EVALUATION OF BACTERIAL CONTAMINATION IN THE INANIMATE ENVIRONMENT SURFACES IN ACUTE CARE HOSPITALS IN KYIV, UKRAINE.

OBJECTIVE: The aim: To evaluate the quality of cleaning and disinfection of surfaces scheduled for daily cleaning and degree of bacterial contamination of hospital rooms and the patients' inanimate environment in Kyiv acute care hospitals, Ukraine. PATIENTS AND METHODS: Materials and methods: We performed a multicenter prospectively study of the quality of cleaning and disinfection of surfaces scheduled for daily cleaning in 9 acute care hospitals by use of an ultraviolet fluorescence targeting method and microbial methods. RESULTS: Results: A total 9,104 environmental samples from were collected and tested.

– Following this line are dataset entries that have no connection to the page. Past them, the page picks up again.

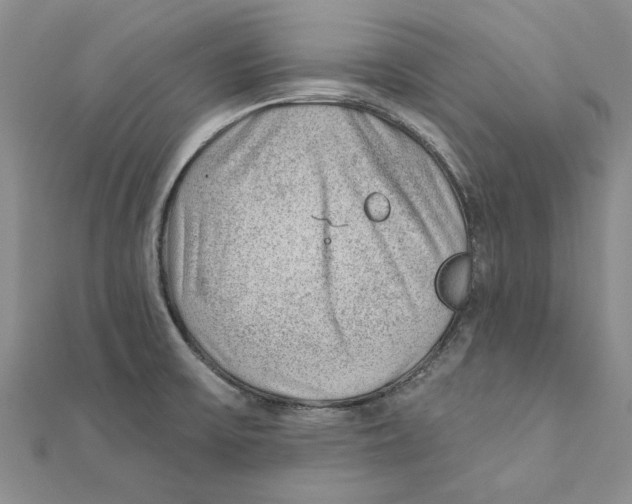 X0000111381475200908071225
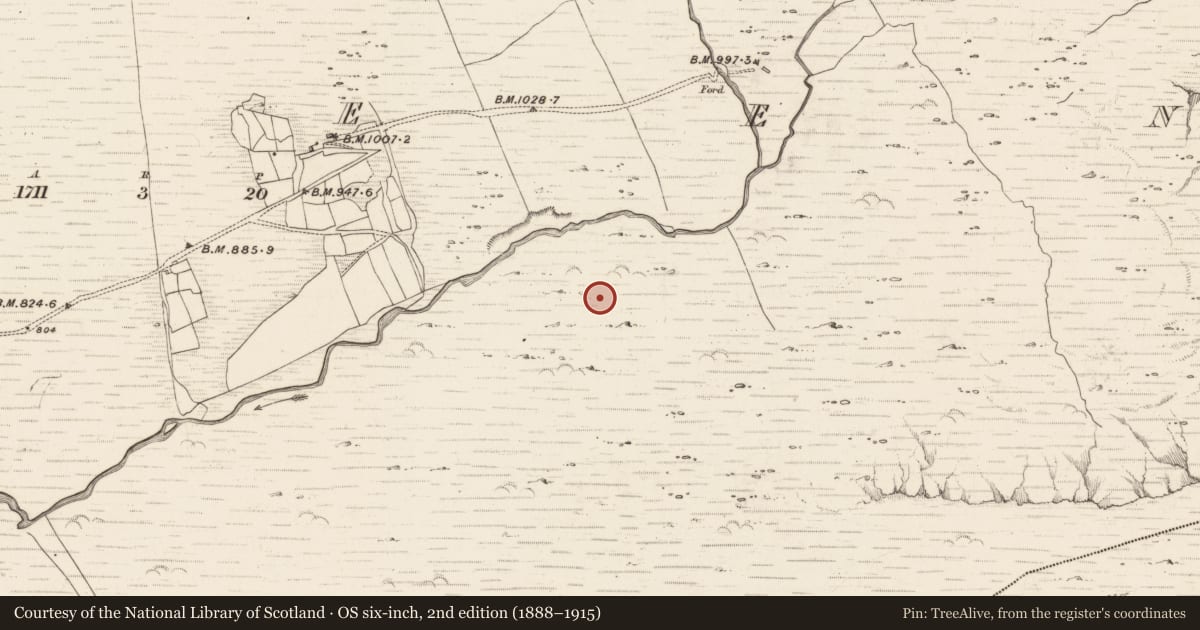 Ordnance Survey six-inch map, 2nd edition (1888–1915) covering the location of Hut site, Erneen, County Kerry, with a pin at the register's coordinates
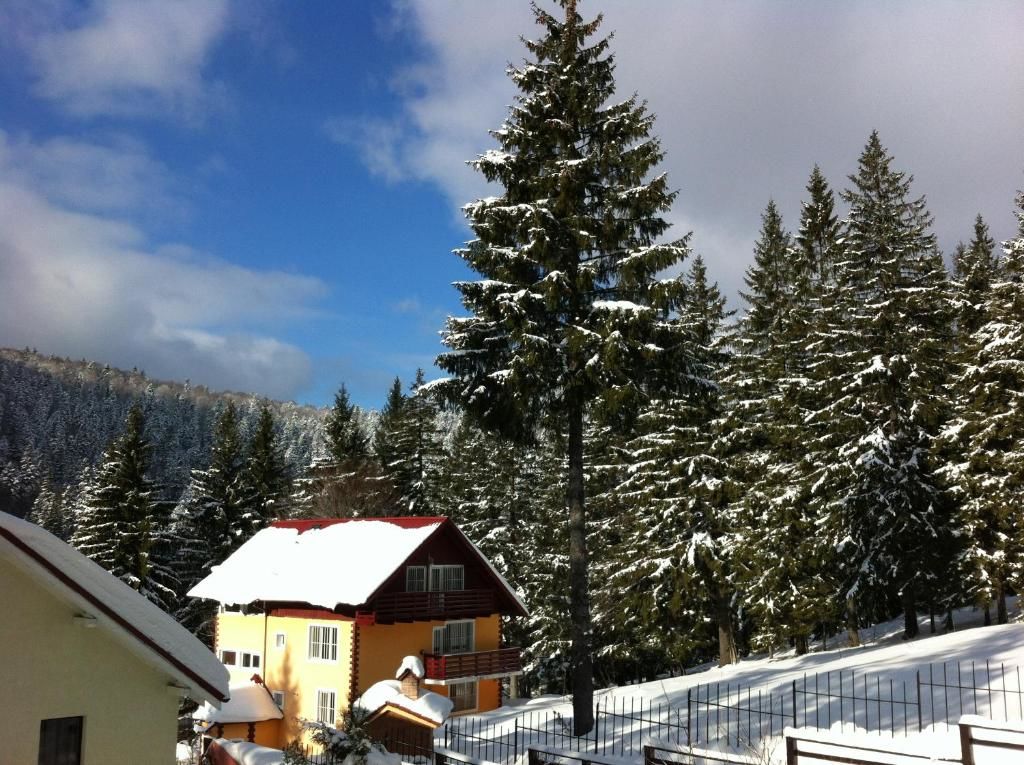 Виллы Vila Bearpeak Предял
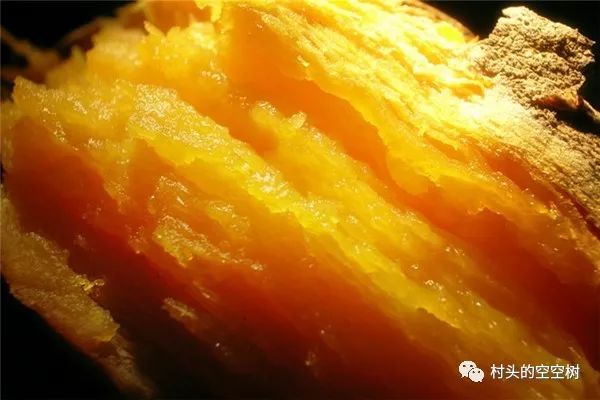 记忆中的野菜糍粑,儿时的红苕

The cleaning and disinfection of surfaces were not being performed properly in most cases. Complete removal of the mark was 49.1%, partial removal was 37,5%, and mark was still visible, i.e. this area had not been processed was 13,4% when the ultraviolet fluorescence targeting method procedures were used, respectively. The predominant bacterial agents in hospital environment surfaces were: Escherichia coli, Enterobacter spp., Pseudomonas aeruginosa, Klebsiella pneumoniae, Proteus spp., Citrobacter spp., Acinetobacter spp., and Enterococcus spp. The overall proportion of extended spectrum beta-lactamase (ESBL) production among Enterobacteriaceae was 31.5% and of methicillin-resistance in Staphylococcus aureus (MRSA) 14.9%. Vancomycin resistance was observed in 5.2% of isolated enterococci (VRE). Resistance to third-generation cephalosporins was observed in 12.7% E.coli isolates and was in 11.2% K. pneumoniae isolates. Carbapenem resistance was identified in 24.7% of P.aeruginosa isolates and 59.3% of Acinetibacter spp. isolates. CONCLUSION: Conclusions: In a hospital rooms, patient environmental surfaces can be a vehicle for the transmission of multidrug-resistant (MDR) bacterial agents that cause healthcare-associated infections.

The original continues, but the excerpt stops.